Records for the task START

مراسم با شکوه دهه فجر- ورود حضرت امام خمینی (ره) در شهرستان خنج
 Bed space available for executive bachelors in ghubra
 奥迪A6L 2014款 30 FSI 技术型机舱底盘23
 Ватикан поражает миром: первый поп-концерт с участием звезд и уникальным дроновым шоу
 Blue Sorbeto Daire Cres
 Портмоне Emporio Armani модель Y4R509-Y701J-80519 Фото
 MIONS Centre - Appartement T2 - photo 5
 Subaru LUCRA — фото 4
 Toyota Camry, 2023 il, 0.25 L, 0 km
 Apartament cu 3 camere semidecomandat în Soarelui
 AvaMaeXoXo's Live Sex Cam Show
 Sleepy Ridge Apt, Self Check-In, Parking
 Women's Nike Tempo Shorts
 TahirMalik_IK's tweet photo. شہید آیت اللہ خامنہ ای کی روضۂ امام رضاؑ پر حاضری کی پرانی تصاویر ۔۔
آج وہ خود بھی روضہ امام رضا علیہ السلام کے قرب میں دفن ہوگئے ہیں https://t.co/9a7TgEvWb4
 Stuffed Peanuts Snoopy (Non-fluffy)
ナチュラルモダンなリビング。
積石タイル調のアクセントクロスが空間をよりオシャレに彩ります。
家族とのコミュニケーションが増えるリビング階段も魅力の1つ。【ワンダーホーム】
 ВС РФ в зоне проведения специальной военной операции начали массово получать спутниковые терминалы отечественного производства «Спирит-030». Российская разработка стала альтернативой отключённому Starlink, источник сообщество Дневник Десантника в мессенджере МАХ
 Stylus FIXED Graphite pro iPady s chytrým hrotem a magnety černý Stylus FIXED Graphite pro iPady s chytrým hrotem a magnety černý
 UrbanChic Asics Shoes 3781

Records for the task END

**Task statement:**
Output should match, line for line, the stretch of the material above from the line holding "Ватикан поражает миром: первый" through the line holding "Apartament cu 3".

**Response to the exercise:**
 Ватикан поражает миром: первый поп-концерт с участием звезд и уникальным дроновым шоу
 Blue Sorbeto Daire Cres
 Портмоне Emporio Armani модель Y4R509-Y701J-80519 Фото
 MIONS Centre - Appartement T2 - photo 5
 Subaru LUCRA — фото 4
 Toyota Camry, 2023 il, 0.25 L, 0 km
 Apartament cu 3 camere semidecomandat în Soarelui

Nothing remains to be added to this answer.